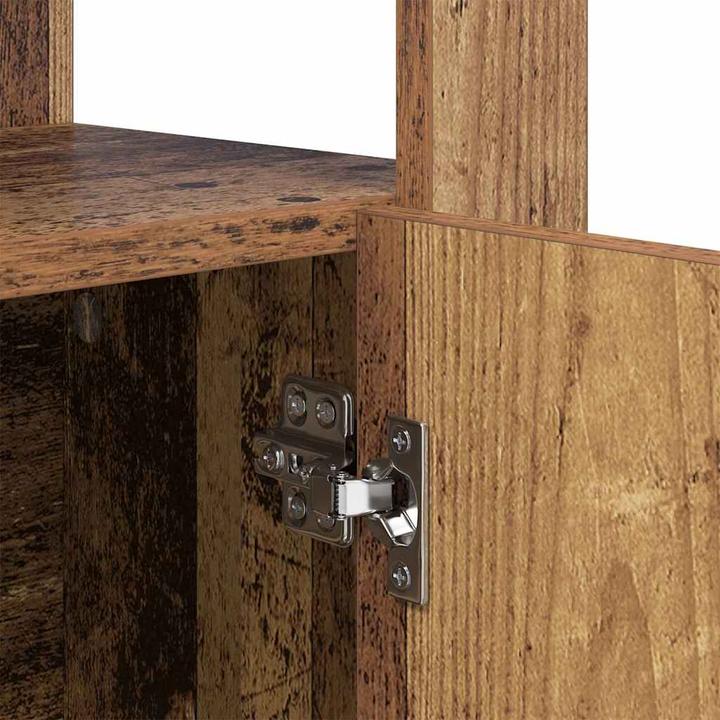 Actual product image vidaXL Sideboard (30 x 80 x 119.50 cm)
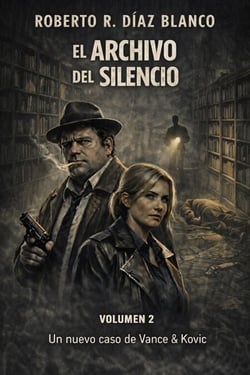 EL ARCHIVO DEL SILENCIO - Vance &amp; Kovic, #2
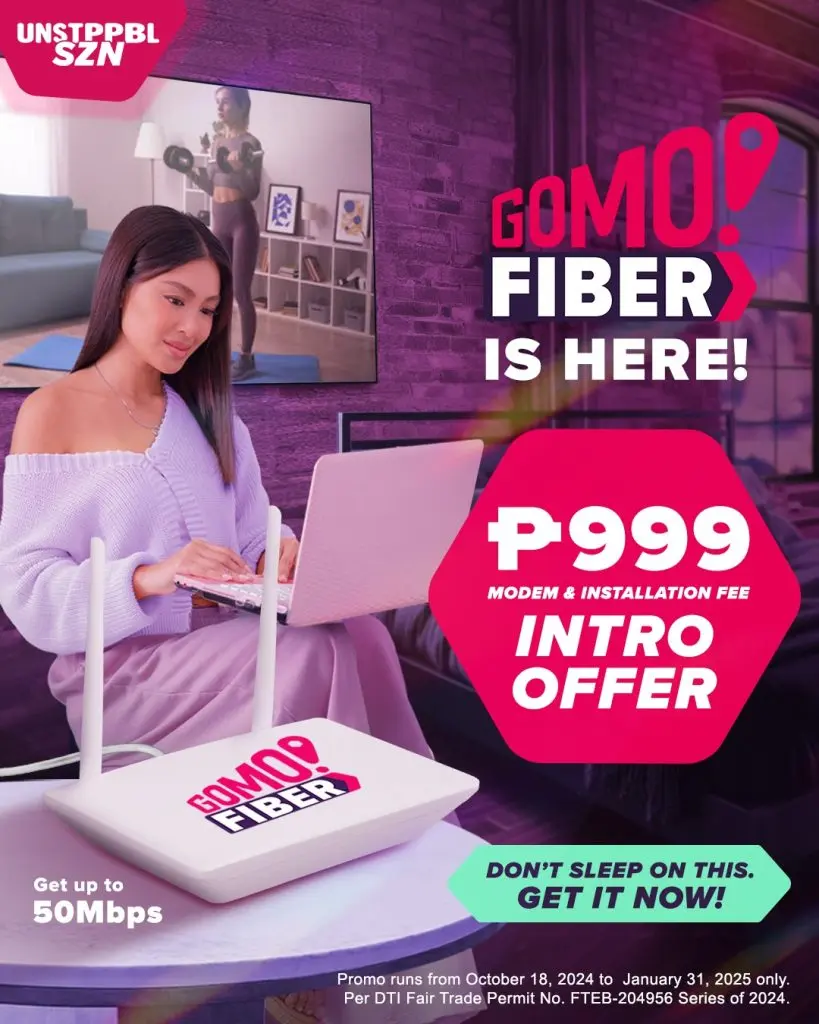 GOMO Launches GOMO Fiber: Bringing Fiber-Speed Internet to Your Home 85 1000000122
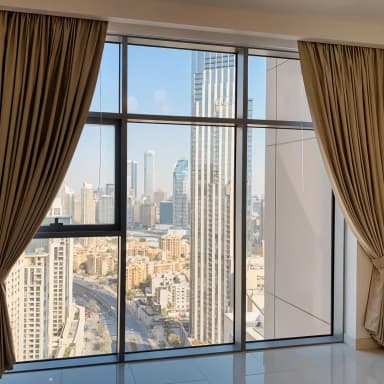 Blackout Triple Pinch Pleat curtains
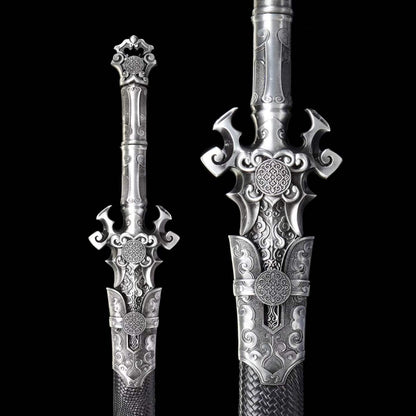 Demon Sword ~ Soul Tempering (Forged from High Manganese Steel)淬魂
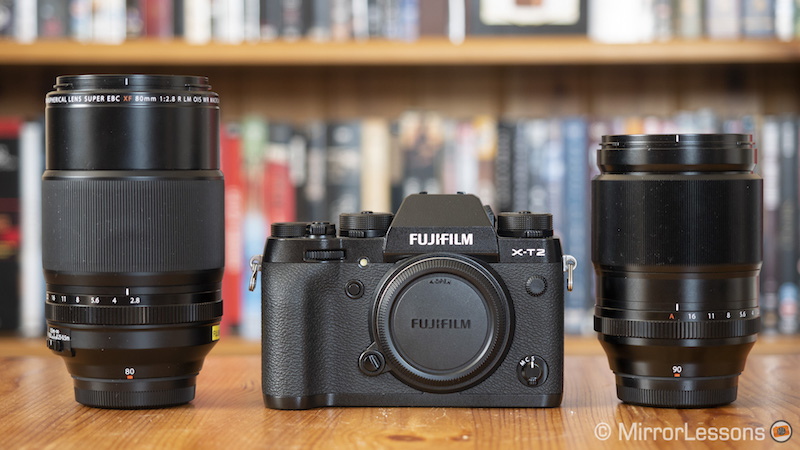 Ochtend kasteel Geleend Fujifilm XF 80mm f/2.8 vs 90mm f/2 – The complete comparison - Mirrorless  Comparison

━━━━━━━━━━━━━━━━━━━━

- _Task objective_:
Your answer must restate the entries word for word and contain no pictures.

- _Task result_:
 Actual product image vidaXL Sideboard (30 x 80 x 119.50 cm)
 EL ARCHIVO DEL SILENCIO - Vance &amp; Kovic, #2
 GOMO Launches GOMO Fiber: Bringing Fiber-Speed Internet to Your Home 85 1000000122
 Blackout Triple Pinch Pleat curtains
 Demon Sword ~ Soul Tempering (Forged from High Manganese Steel)淬魂
 Ochtend kasteel Geleend Fujifilm XF 80mm f/2.8 vs 90mm f/2 – The complete comparison - Mirrorless  Comparison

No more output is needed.